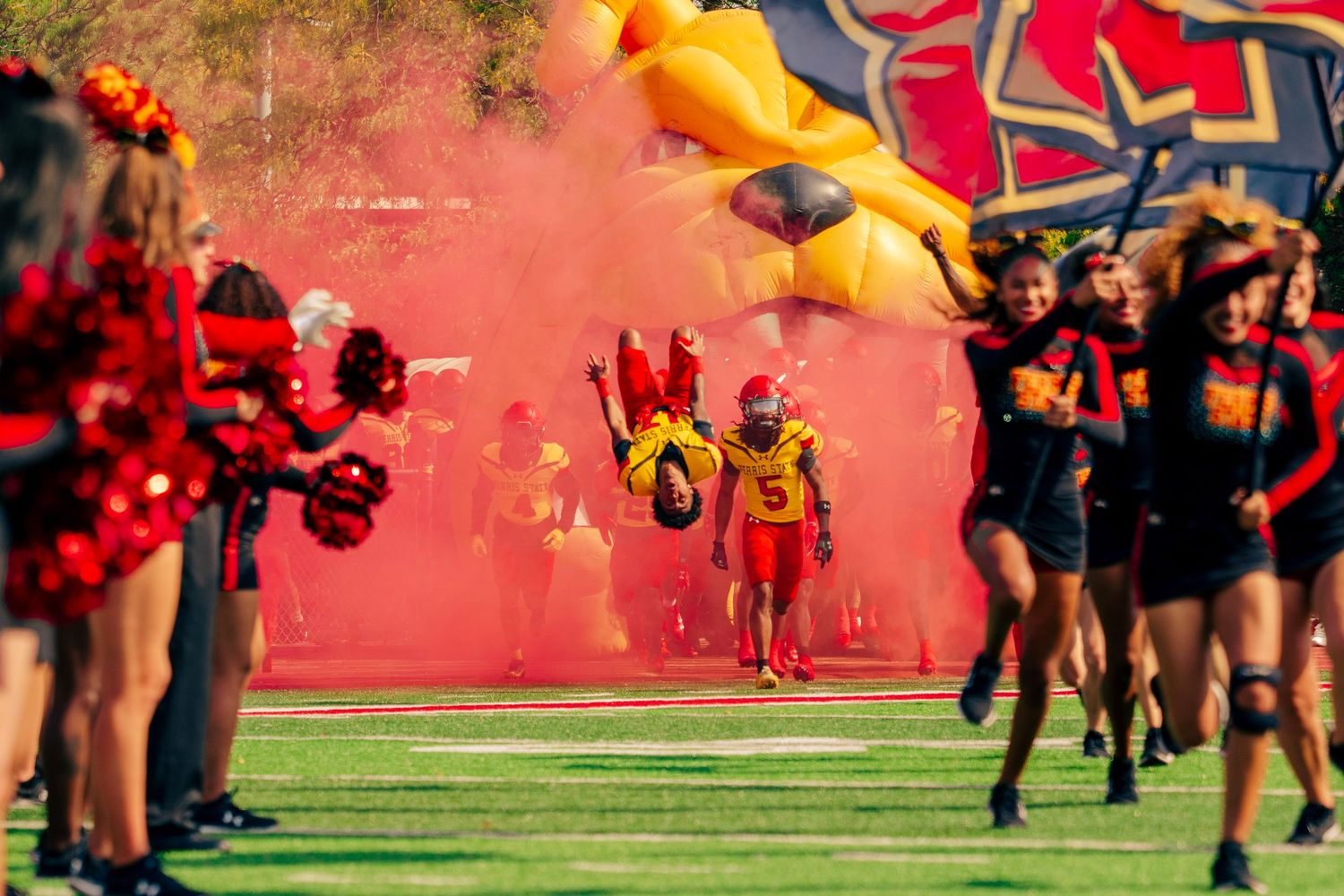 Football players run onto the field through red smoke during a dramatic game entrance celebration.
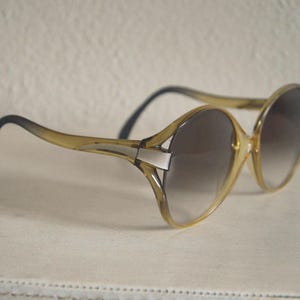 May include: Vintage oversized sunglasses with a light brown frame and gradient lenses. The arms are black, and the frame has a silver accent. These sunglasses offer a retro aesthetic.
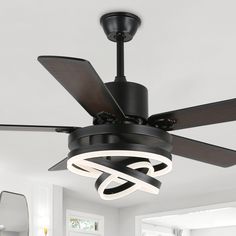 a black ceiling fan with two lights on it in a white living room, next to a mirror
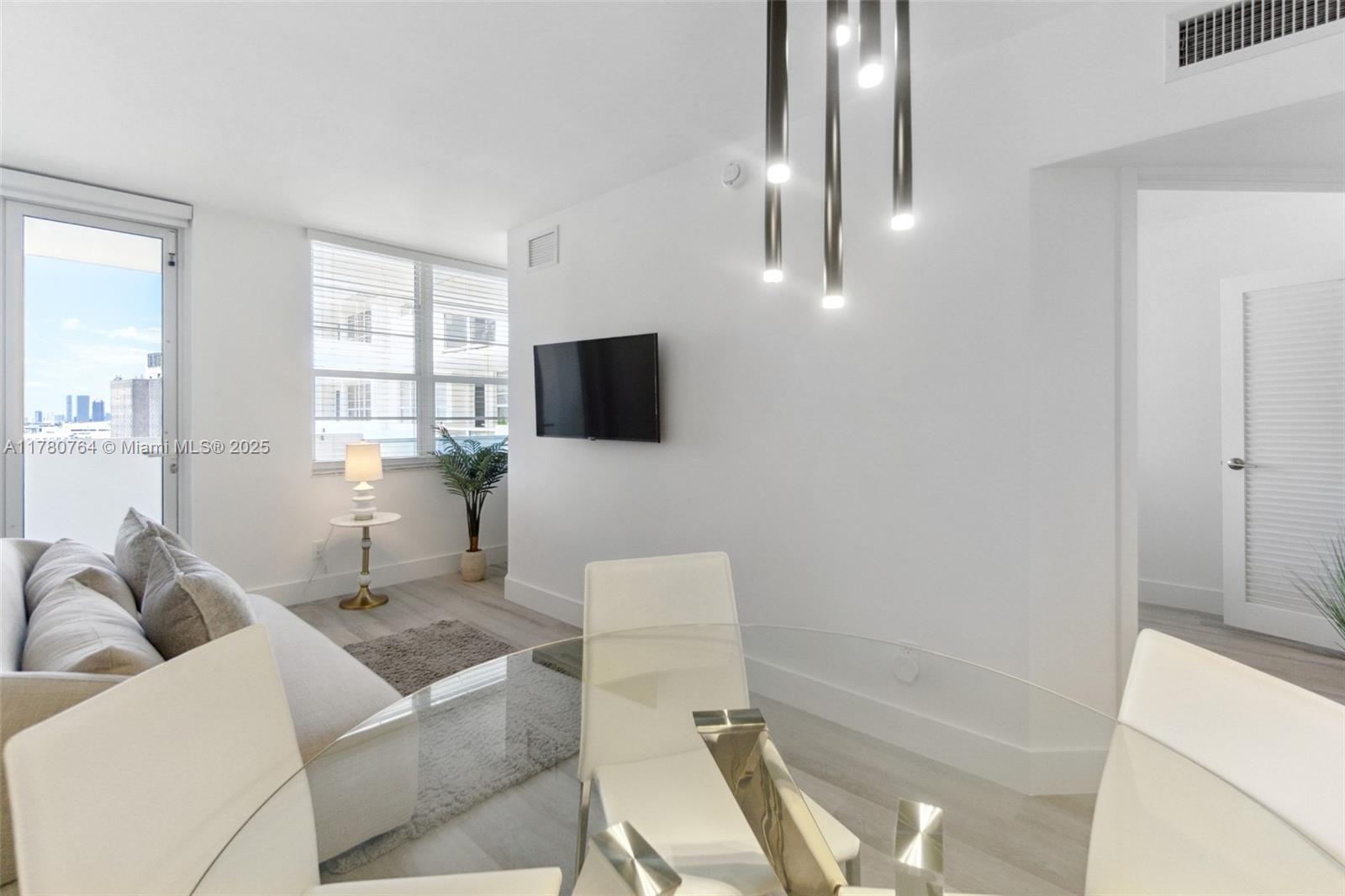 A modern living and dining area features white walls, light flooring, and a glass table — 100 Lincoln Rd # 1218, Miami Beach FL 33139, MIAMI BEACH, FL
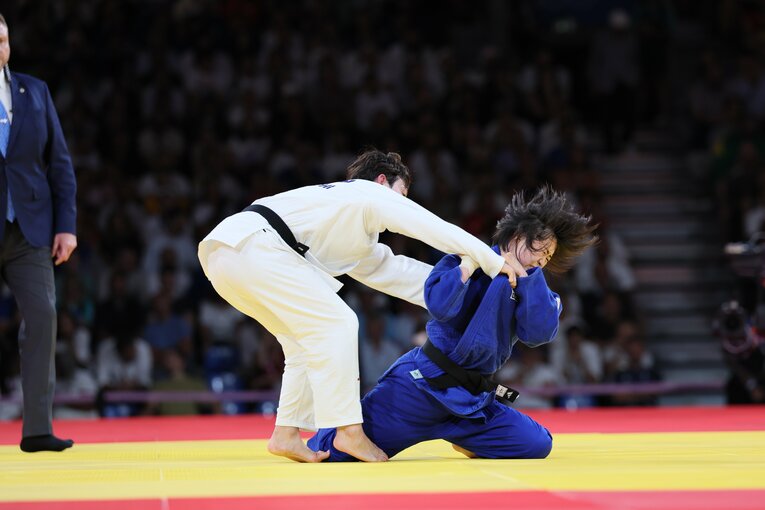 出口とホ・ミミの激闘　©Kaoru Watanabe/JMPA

==

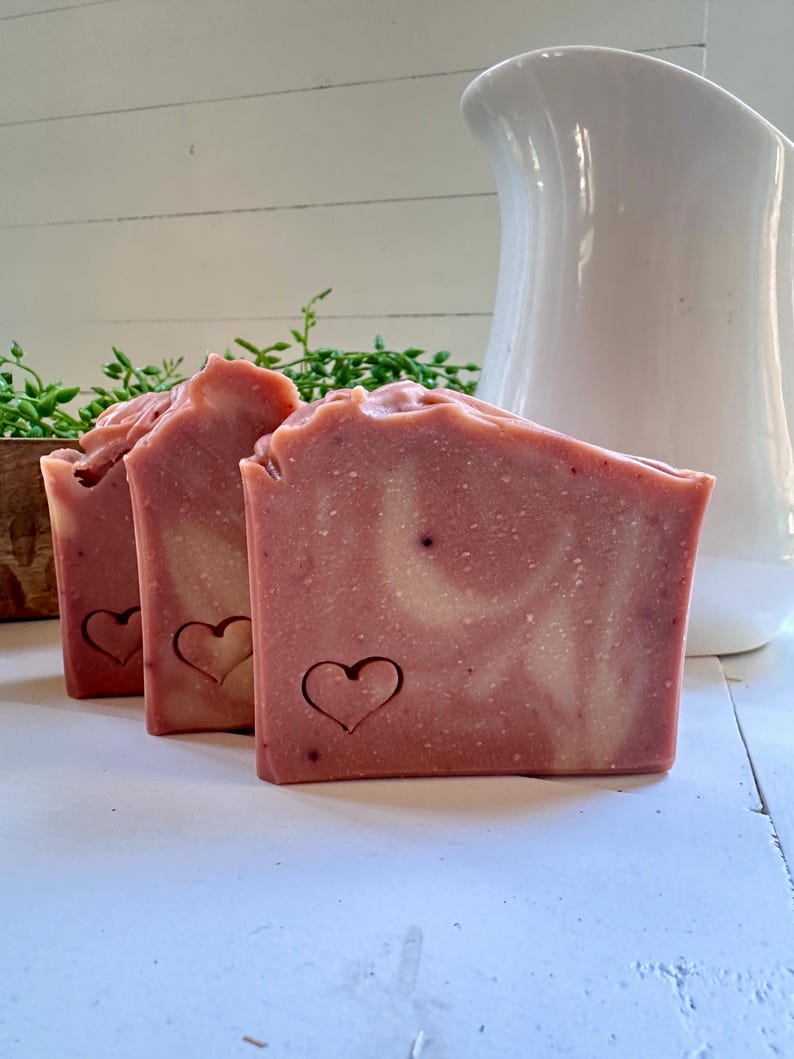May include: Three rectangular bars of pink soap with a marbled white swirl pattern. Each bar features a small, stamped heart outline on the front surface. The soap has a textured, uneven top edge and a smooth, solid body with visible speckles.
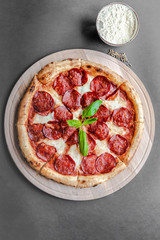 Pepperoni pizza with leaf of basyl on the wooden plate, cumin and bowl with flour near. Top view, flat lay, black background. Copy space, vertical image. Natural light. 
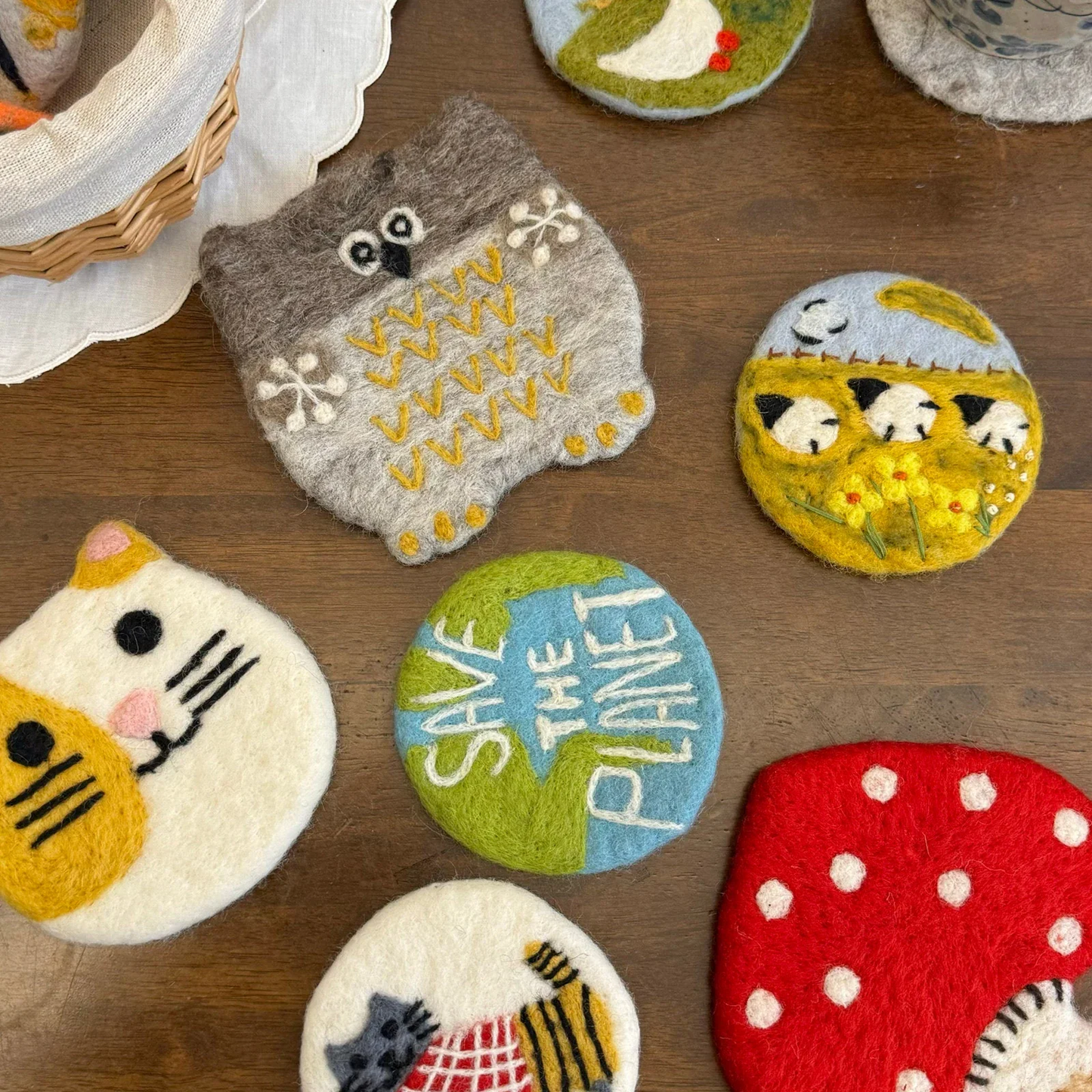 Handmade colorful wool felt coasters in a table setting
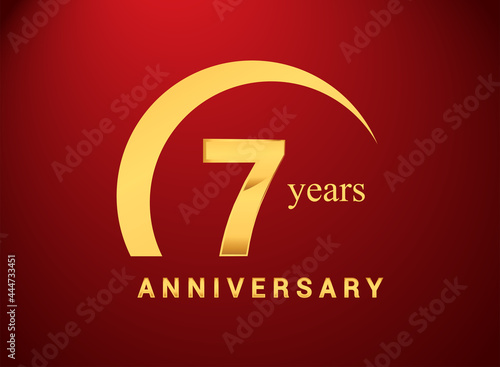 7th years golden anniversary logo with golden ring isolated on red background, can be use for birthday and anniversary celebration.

**About this task:**
Set the pictures aside and reproduce exactly the lines above, from the line holding "Pepperoni pizza with" through the line holding "7th years golden", both included, with nothing else.

**Answer to this task:**
 Pepperoni pizza with leaf of basyl on the wooden plate, cumin and bowl with flour near. Top view, flat lay, black background. Copy space, vertical image. Natural light. 
 Handmade colorful wool felt coasters in a table setting
 7th years golden anniversary logo with golden ring isolated on red background, can be use for birthday and anniversary celebration.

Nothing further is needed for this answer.